# Nanun Clinton-eh hanun onorl sontekhalsu-opkidemoneh, hangumarl halkey



## clintobeans

Edit: I think it might be Korean not Hebrew

A friend of mine sent me the following:

Nanun Clinton-eh hanun onorl sontekhalsu-opkidemoneh, hangumarl halkey.

She speaks Hebrew, but has written with the Roman alphabet. I have tried to use online dictionaries without any luck. Can anyone help me with the translation.

Thanks,
Clinton


----------



## amikama

clintobeans said:
			
		

> Nanun Clinton-eh hanun onorl sontekhalsu-opkidemoneh, hangumarl halkey.


Sorry, I couldn't understand any word of your friend. 

This doesn't seem Hebrew to me at all. No word in Hebrew ends in -rl. "Clinton-eh" looks to me like a declension of Clinton, but in Hebrew proper names are _never_ declined.


----------



## clintobeans

It could also be Korean as she speaks that too.  

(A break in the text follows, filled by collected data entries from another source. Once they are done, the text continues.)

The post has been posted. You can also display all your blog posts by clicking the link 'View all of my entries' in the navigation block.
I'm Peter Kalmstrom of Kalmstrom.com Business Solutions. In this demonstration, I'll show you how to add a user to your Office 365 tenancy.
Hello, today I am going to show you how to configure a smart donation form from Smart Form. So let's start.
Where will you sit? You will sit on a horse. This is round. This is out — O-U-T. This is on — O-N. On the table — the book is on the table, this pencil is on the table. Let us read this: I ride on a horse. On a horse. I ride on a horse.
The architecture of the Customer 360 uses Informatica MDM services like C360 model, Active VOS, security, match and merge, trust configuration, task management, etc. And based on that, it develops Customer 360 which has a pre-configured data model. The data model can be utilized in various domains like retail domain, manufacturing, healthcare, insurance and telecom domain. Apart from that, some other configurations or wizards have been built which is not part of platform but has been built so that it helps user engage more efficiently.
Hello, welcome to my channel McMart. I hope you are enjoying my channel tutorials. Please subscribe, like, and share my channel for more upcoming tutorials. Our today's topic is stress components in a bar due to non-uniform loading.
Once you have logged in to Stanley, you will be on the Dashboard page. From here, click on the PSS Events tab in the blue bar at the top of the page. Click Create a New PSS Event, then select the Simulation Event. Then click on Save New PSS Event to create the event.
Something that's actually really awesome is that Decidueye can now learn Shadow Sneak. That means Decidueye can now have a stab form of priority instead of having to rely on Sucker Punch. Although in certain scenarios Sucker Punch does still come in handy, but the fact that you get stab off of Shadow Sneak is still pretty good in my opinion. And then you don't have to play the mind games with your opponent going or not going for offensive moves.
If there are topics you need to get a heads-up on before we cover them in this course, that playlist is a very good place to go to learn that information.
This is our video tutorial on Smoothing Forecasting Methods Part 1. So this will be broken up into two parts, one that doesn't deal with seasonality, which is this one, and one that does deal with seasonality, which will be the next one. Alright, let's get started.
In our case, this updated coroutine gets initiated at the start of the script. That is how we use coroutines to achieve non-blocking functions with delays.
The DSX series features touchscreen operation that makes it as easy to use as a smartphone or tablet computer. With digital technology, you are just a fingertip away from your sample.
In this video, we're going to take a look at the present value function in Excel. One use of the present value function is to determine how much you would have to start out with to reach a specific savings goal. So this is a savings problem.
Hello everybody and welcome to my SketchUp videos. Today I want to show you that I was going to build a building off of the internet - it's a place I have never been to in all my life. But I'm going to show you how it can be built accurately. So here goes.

I will just have to persist until she tells me what it means.  Or maybe she just made something up!


----------



## JLanguage

clintobeans said:
			
		

> It could also be Korean as she speaks that too.
> 
> I will just have to persist until she tells me what it means. Or maybe she just made something up!


 
Well it's not Hebrew, but it does definitely seem like it could be Korean.

-Jonathan.


----------



## elroy

This is definitely Korean.  I wouldn't be able to translate it completely, though.


----------



## DanTheMan

Hi,

Your friend says the following:
"Because I can't choose Clinton's lanuage, I'll speak Korean."

Hope it helps.


----------